Working part-time serving pizza during the day and attending Hopkinsville Community College at night, Gladyn had been struggling with paying for books, tuition and fees, as well as child care. As the Music City Nashville Soroptimist club’s recipient nominated by Soroptimist’s Southern Region, she is today using her cash grant to follow her dream of becoming a social worker.
Graduating in May with an associate’s degree, she already has begun online classes toward her bachelor’s degree at Austin Peay State University and plans to complete her master’s degree in social work online. Future plans are to work at the Children’s Services Department in Clarksville.
“I am a realist and understand that anything worth having is worth working for,” she says. “I plan to give back to my community in every way possible … and it will allow me to be a great example to my children as well as others.”

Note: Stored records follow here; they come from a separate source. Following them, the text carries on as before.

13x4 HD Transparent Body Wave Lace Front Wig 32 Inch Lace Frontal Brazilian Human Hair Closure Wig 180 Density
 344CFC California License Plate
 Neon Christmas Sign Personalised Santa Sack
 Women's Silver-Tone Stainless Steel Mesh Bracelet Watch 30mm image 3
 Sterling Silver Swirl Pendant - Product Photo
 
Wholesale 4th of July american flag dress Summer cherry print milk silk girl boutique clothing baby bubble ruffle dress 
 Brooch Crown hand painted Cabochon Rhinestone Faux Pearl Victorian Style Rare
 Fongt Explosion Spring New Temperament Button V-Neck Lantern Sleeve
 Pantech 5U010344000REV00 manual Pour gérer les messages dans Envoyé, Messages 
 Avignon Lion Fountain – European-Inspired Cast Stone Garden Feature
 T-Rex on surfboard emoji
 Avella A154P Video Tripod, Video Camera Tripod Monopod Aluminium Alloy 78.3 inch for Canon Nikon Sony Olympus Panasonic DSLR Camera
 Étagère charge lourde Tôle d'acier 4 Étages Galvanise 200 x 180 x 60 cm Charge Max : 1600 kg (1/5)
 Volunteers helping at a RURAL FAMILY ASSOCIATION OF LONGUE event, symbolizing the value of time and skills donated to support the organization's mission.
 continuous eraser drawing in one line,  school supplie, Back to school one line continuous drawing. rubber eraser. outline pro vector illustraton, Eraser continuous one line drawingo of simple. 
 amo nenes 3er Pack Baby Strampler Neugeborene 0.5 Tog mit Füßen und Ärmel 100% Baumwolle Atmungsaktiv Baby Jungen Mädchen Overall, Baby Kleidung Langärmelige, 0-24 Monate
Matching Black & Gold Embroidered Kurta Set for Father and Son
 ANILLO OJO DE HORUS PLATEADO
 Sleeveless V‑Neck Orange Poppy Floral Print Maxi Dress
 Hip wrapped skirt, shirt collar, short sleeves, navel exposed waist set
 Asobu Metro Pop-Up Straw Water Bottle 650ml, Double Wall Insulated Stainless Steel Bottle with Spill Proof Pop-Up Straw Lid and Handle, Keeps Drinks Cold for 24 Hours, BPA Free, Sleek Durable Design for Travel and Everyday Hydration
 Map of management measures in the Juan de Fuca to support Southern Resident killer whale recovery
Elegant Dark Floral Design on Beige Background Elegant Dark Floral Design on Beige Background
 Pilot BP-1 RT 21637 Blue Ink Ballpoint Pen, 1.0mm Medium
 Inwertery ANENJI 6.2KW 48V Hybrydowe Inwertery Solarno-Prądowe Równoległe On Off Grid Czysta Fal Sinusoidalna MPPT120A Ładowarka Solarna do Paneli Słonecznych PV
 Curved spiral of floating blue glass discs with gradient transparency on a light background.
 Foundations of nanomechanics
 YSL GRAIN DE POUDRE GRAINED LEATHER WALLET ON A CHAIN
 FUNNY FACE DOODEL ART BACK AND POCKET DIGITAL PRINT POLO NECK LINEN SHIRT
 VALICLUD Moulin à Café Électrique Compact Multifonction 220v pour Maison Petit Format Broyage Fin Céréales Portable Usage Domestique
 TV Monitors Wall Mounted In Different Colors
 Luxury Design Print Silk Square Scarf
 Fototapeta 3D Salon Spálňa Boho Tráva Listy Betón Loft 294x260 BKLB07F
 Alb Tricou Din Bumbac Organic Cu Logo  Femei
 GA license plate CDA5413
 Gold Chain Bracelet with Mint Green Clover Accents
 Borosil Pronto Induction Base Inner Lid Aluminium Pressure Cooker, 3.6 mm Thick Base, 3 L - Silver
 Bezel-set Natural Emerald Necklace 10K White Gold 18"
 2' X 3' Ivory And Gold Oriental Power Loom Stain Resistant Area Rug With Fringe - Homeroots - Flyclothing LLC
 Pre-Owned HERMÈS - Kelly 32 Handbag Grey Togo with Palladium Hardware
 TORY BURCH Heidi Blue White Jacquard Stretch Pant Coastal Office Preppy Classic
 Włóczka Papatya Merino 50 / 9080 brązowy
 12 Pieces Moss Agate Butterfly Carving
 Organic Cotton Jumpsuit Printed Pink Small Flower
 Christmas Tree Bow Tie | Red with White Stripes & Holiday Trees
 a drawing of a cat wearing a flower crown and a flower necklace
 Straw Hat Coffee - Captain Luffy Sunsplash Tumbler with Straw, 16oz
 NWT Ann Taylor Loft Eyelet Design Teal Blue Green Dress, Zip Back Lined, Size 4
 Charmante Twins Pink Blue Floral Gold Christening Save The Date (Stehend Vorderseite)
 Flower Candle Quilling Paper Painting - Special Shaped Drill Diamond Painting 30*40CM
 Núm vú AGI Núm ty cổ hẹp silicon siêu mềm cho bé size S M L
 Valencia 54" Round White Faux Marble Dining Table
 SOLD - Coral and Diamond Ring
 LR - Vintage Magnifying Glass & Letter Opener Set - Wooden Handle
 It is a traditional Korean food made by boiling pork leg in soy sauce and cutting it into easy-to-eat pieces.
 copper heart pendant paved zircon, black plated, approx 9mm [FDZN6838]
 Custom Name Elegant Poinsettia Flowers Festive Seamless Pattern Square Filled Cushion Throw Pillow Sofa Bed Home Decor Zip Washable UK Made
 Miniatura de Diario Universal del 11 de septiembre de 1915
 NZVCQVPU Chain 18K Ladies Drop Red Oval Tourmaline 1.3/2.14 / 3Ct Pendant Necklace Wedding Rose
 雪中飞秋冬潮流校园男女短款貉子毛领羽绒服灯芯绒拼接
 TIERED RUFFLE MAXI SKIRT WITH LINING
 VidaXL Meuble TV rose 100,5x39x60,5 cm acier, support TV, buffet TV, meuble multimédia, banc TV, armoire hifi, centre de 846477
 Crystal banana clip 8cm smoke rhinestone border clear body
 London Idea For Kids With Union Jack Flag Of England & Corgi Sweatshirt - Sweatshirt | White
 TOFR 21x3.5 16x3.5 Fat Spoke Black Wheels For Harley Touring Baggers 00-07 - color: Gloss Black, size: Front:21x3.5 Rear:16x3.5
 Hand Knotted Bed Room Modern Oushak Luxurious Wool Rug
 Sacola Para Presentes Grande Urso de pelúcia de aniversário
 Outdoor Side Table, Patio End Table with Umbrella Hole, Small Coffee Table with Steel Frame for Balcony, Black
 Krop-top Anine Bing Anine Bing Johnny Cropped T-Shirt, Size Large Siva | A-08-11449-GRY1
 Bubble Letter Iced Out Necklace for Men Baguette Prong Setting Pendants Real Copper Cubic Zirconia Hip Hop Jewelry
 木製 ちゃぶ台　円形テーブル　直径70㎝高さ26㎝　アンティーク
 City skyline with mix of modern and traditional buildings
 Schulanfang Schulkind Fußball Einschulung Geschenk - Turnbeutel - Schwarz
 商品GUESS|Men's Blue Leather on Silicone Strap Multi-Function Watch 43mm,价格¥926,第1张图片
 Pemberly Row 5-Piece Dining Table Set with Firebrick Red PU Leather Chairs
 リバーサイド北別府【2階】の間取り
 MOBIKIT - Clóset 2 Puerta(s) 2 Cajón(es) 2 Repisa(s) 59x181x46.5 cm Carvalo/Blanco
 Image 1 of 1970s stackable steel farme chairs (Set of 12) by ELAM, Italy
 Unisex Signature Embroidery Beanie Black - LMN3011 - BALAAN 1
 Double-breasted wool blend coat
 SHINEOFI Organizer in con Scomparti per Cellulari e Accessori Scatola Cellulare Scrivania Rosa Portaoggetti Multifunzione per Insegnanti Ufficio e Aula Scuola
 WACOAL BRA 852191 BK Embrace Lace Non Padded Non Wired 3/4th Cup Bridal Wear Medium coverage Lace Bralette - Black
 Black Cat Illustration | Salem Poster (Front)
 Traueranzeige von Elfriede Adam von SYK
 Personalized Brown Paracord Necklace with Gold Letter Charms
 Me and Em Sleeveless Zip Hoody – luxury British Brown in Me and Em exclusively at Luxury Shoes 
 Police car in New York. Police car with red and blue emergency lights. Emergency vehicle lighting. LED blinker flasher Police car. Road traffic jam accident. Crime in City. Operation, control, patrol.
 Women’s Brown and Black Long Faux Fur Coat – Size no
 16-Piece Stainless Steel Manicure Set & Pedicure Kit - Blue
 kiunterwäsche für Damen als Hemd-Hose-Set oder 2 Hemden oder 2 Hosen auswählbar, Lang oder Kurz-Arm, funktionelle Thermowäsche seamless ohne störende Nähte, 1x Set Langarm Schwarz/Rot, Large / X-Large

Her ultimate dream, she says, is to work at Fort Campbell military base helping soldiers and their families, especially the children. They are often the forgotten victims.
“Because of my father’s experiences in World War II and my own background with abuse, I feel a pulling toward Fort Campbell to help the soldiers and their families with domestic violence issues,” she says. “I believe that I can turn the problems I have faced into opportunities to help others.”
Of Soroptimist Gladyn says, “You are the reason my long-term educational goals have been born,” she says. “Also, you have taught me the key to living is giving. You will always play a part in my life as I reach out a helping hand to others as a social worker. I can now see there is courage in every crisis. It is time to let my life shine and really start living.”